Most fiber optic cables that adhere to these fire standards are Underwriter Laboratories (UL) tested, meaning that they bear the UL marker on the cable jacket and have been certified to meet the NEC Standard for the cable jacket type. These UL Listings are independently tested, and qualified to ensure that the safety measures are upheld. They (UL) have no monetary stake in the items that they test, and consumers can be assured that this UL listing means that the safety standards are upheld. These listings are given and can be taken away at any point if the quality of the product does not continue to meet that UL standard.
The real question that most technicians ask in the field is where to use what type of jacket. Below we will go into a breakdown of the cable jacket types and where they can be utilized within a building or structure.

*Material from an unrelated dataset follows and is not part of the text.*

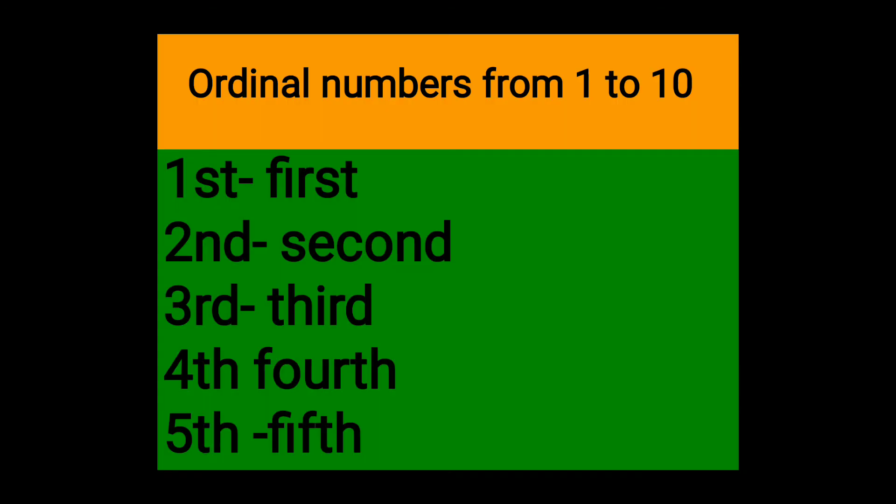Now we are going to learn the ordinal numbers from 1 to 10. First, F-I-R-S-T first. F-I-R-S-T first.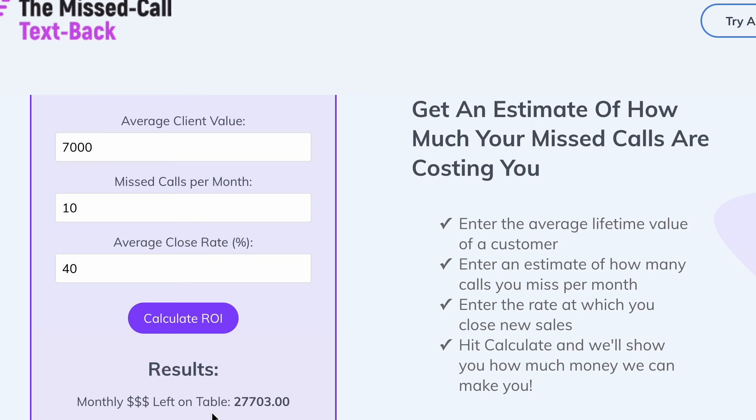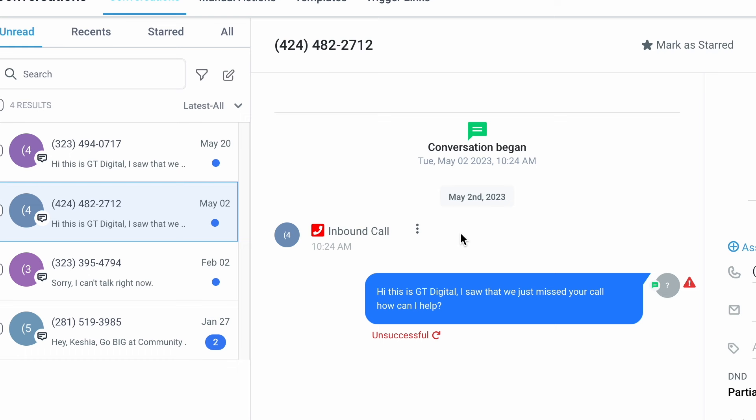As you can see, I have an example put up. When someone calls your business and no one's there to answer it, the prospect or potential client will instantly get a text on their phone saying — right here it says: 'Hi, this is Digital. I saw that we just missed your call. How can I help you?' And when that happens, you'll instantly get a notification on your phone saying a conversation has started, and you'll be able to opt into that conversation and continue it with that prospect.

Plenum has the highest fire rating, meaning that it can be installed in all of the plenum spaces within a building such as the air ducts and ventilation systems – any part of the building that has to do with heating or cooling. Plenum can sometimes be utilized in any space within a building as an alternative to other jacket types. Plenum cables are less hazardous and create less smoke and toxic fumes in the case of fire. If a job requires plenum cable then plenum cable must be installed, there are no alternatives for this type of cable install. Plenum cables for the above reasons are usually slightly more expensive than the other cable jackets.
Riser cabling is only to be used within riser spaces in a building – such as between building shafts, for vertical runs. It is meant to be a backbone cable, the fire ratings that fit a riser rating are not as strict as plenum. You can utilize a plenum cable within a riser space, but you cannot utilize a riser cable in a plenum space. Such as in the case of a ventilation shaft – you could not install a riser cable because this is a plenum air space, but you can install riser say in an elevator shaft between the floors of a building. Typically, riser cables are less expensive than plenum because the standards are less stringent.
Low Smoke Zero Halogen (LSZH) Cable
Low Smoke Zero Halogen cable jacketing or LSZH is a separate classification from riser or plenum cables because it does not contain the same compounds or thermoplastics that produce smoke and other hazardous chemicals that could be harmful to humans and animals that may be in the vicinity of the cable, if it ever should burn. To be considered low smoke zero halogen cable, it must be made of flame retardant materials that do not excrete halogens, and produces little to no smoke when it burns. LSZH is not the same as a plenum cable – they are two different fire ratings. While it may seem beneficial to use LSZH within every space in a building, this type of cable does not fit the bill for every single application. Since this product is far more expensive than other compounds, it does not make sense to install this in areas that do not require a less hazardous, or low smoke material. LSZH is highly recommended for areas that have poor ventilation, where people tend to congregate or in a confined space. LSZH is primarily utilized in Europe currently but, this type of cable is gaining traction within the US markets. .
PE (polyethylene) rated cable is primarily used for outdoor cables only; this is not a cable that can be installed more than fifty feet inside of a building. PE cable jacket’s superior weather, temperature and water or moisture resistance makes this a great pick for harsh weather conditions and installations, but its rigid characteristics make it difficult to utilize in environments that require flexibility or movement of the cable. It also boasts superior UV protection because its black color absorbs the sunlight, which is a typical characteristic for outdoor rated cabling.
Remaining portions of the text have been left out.